With hyper-connectedness and a burgeoning global cybercrime industry, a company cannot afford a cyber attack. It is essential to establish policies and procedures to minimize risk and train employees to protect your company.
Basic criminal acts to guard against include:
+ Theft of proprietary or sensitive business data that could be sold to competitors or other hackers,
+ Installation of “ransomware” that locks you out of your own data until you pay the cybercriminals’ demands,
+ Malicious damage to your system, such as crashing your website to prevent customers from accessing it (often referred to as a “denial-of-service attack,” under which hackers overwhelm your site with data requests), and
+ Theft of employees’ personal information to eventually steal from them.
Building a defensive strategy starts with recognizing that, even with the best technical external barriers in place, you could fall victim to an employee who goes rogue, or even joins your organization specifically with cybercrime as a goal.
Hiring managers should be mindful of these risks when reviewing employment applications, particularly positions that involve open access to sensitive company data. It is another checklist item when reviewing applicants with unusual employment histories. Checking references and conducting background checks is also a good idea.

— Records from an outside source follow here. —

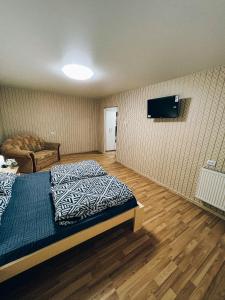 Llit o llits en una habitació de Standart-Однокімнатна квартира біля басейну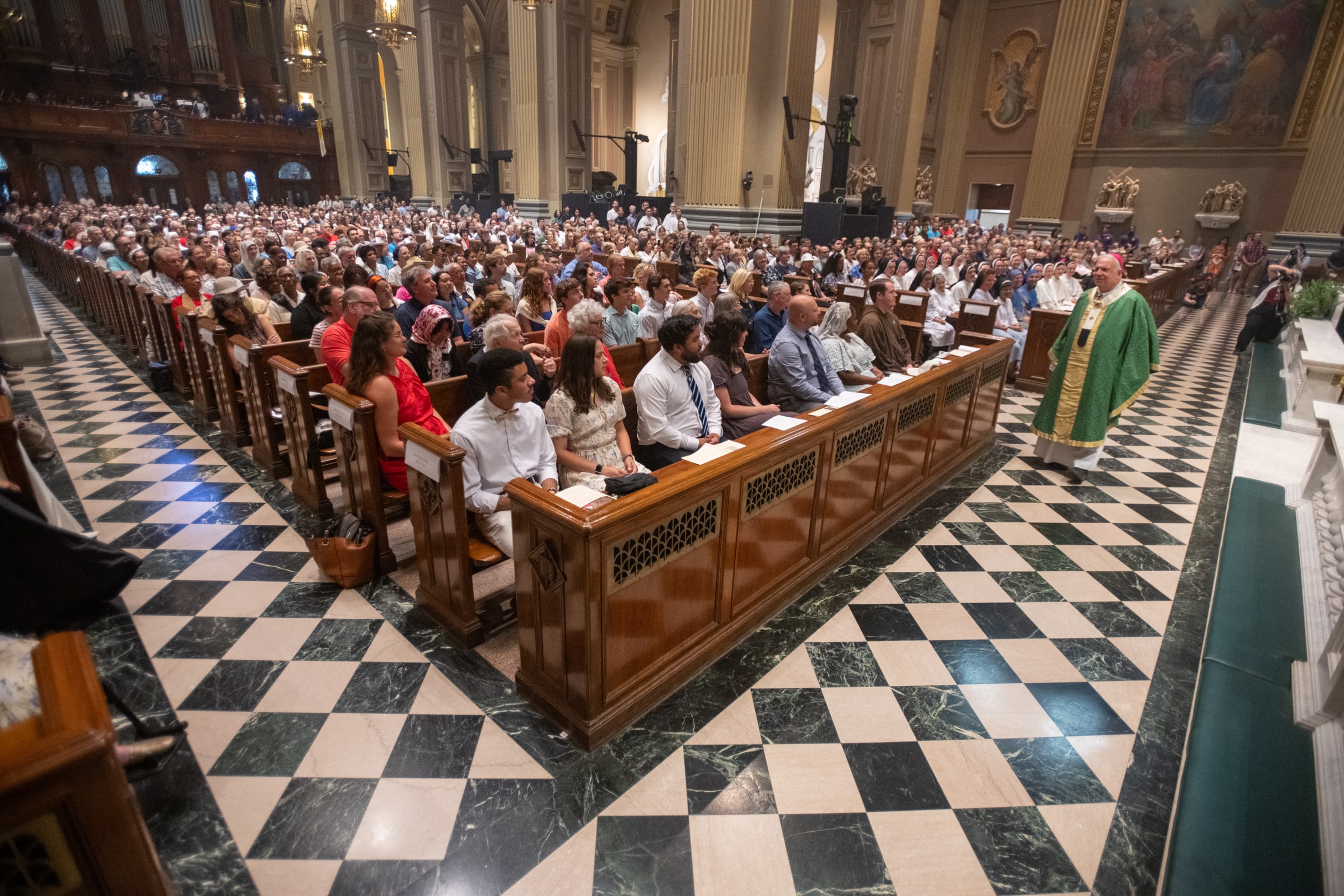 Archbishop Pérez stood before a congregation filled with expectation, his words filled with gratitude and hope as the faithful prepared to process with Jesus Christ through the streets of ‘The City of Brotherly Love.”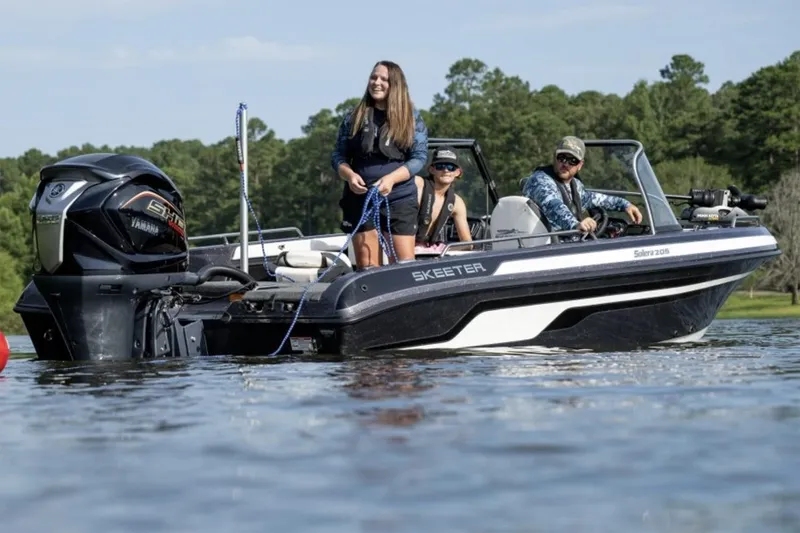 Slide: The Image of Manufacturer Provided Image: 2026 Skeeter Solera 205 boat on water with three people enjoying a sunny day. - 10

In the same way, it is advisable to include a statement in your employee handbook informing employees that their communications are stored in a backup system, and the company reserves the right to monitor and examine computers and emails, sent and received, on your system.
When such monitoring systems are in place, prudence or suspicious activity will dictate when they should be ramped up.
DHS Tips for Employees and IT Staff
It is useful to establish a policy encouraging employees to report any suspicious computer-based activities observed around them. Of course, you do not want to foster employee paranoia or promote spreading baseless accusations. By deploying more eyes and ears, cyber bad behavior can be detected and avoided.
The largest threat is not employees may intentionally commit cybercrime, but that they might inadvertently open the door to external cybercriminals. The Department of Homeland Security (DHS) considers cybercrime serious enough to offer eight tips for employers to pass along to their employees:
+ Read and abide by the company’s Internet use policy.
+ Make passwords complex — use a combination of numbers, symbols, and letters (uppercase and lowercase).
+ Change passwords regularly (every 45 to 90 days).
+ Guard user names, passwords, or other computer or website access codes, even among coworkers.
+ Exercise caution when opening emails from unknown senders, and don’t open attachments or links from unverifiable sources.
+ Do not install or connect any personal software or hardware to the organization’s network or hardware without permission from the IT department.
+ Make electronic and physical backups or copies of critical work.
+ Report all suspicious or unusual computer problems to the IT department.
Employees that follow these steps serve as an additional layer of protection against cyberattacks.
Employees responsible for maintaining a secure system, DHS offers the following advice:
+ Implement a layered defense strategy that includes technical, organizational and operational controls,
+ Establish clear policies and procedures for employee use of the organization’s information technologies,
+ Coordinate cyberincident response planning with existing disaster recovery and business continuity plans across the organization,
+ Implement technical defenses, such as firewalls, intrusion detection systems and Internet content filtering,
+ Update the existing anti-virus software often,
+ Follow organizational guidelines and security regulations,
+ Regularly download vendor security patches for all software,
+ Change the manufacturer’s default passwords on all software,
+ Encrypt data and use two-factor authentication where possible,
+ If a wireless network is used, make sure that it is secure, and
+ Monitor, log and analyze successful and attempted intrusions to the company’s systems and networks.
What else can be done? Businesses are encouraged to protect their computer systems further by buying cybercrime insurance. Alone, this will not prevent victimization, but it can offset some of the financial damage in case of a successful attack.
In addition, most insurers perform a rigorous risk assessment before issuing a policy and setting premiums. The results of such an assessment can be quite eye-opening for business owners.
If you decide against buying insurance, it might be useful to have a consultant conduct a cybercrime exposure risk assessment anyway. The growth, ubiquity and high cost of cybercrime has spawned a large industry of cybersecurity consulting firms. Unless your company already has a robust IT staff with expertise in cyber-risk mitigation, you will save time and money engaging a third-party vendor.